A hyperbolic paraboloid is doubly ruled --- there are actually two distinct families of straight lines on it. You can see this if you parametrize it: the surface $z = xy$ contains every line of the form $(t, c, ct)$ and every line of the form $(c, t, ct)$ for constant $c$.

Two families of lines on a hyperbolic paraboloid

In Metastaseis, each straight line is one player's glissando. The opening section has all 46 strings start on the same pitch and fan outward --- some sliding up, some sliding down, at different speeds.

Glissandi fanning out from unison

On the score, this literally looks like the lines generating a cone or paraboloid. Bars 309--314 of the piece draw out a parabola where the glissandi function as tangent lines to the curve.
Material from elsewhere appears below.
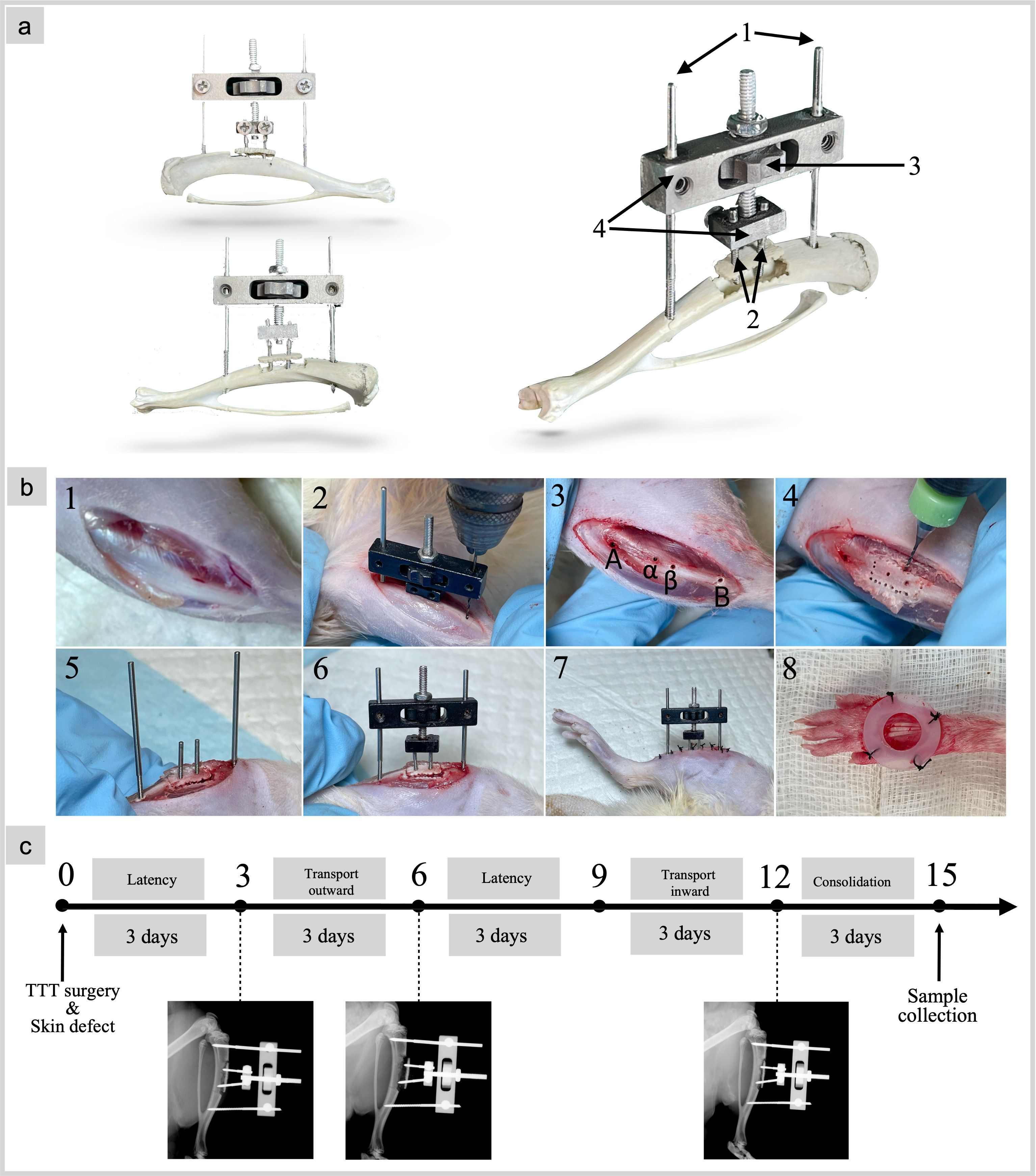 Fig. 1 
            Introduction of tibial cortex transverse transport (TTT) external fixator, surgical procedure and workflow. a) Components of TTT external fixator: 1) two long screws; 2) two small screws; 3) a turning nut; and 4) the external fixator frame. b) Surgical procedure of TTT technique and skin defect: 1) The right tibia was exposed; 2) and 3) guided with the external fixator, holes A, B, α, and β were drilled; 4) pinholes were drilled around holes α and β, forming a bone window; 5) four screws were inserted; 6) and 7) the cortical bone chip was dislocated, and the external fixator was assembled and incision sutured; and 8) a silicone splint was fixed to the wound skin. c) Workflow of TTT application. A radiograph was taken to track the cortical bone chip status.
Xenakis sketched the piece as an architectural blueprint with pitch on one axis, time on the other, and straight lines everywhere. He then translated the geometric sketch into actual notation for 61 players.

A few years later, Xenakis designed the Philips Pavilion for the 1958 Brussels World's Fair while still working in Le Corbusier's studio. The building's shell is a set of hyperbolic paraboloids --- the same ruled surfaces from Metastaseis. The walls of the pavilion are the score of the composition, or the score is the walls, depending on how you want to think about it.

Interestingly, the score's middle section uses a twelve-tone row with durations based on the Fibonacci sequences. Xenakis uses this to generate rhythmic proportions that feel organic and has structure without periodicity.

After Metastaseis, Xenakis composed Pithoprakta (1955--56) using actual probability distributions --- Poisson and Gaussian --- to determine when and how 50 instruments would play, which he calls "stochastic music".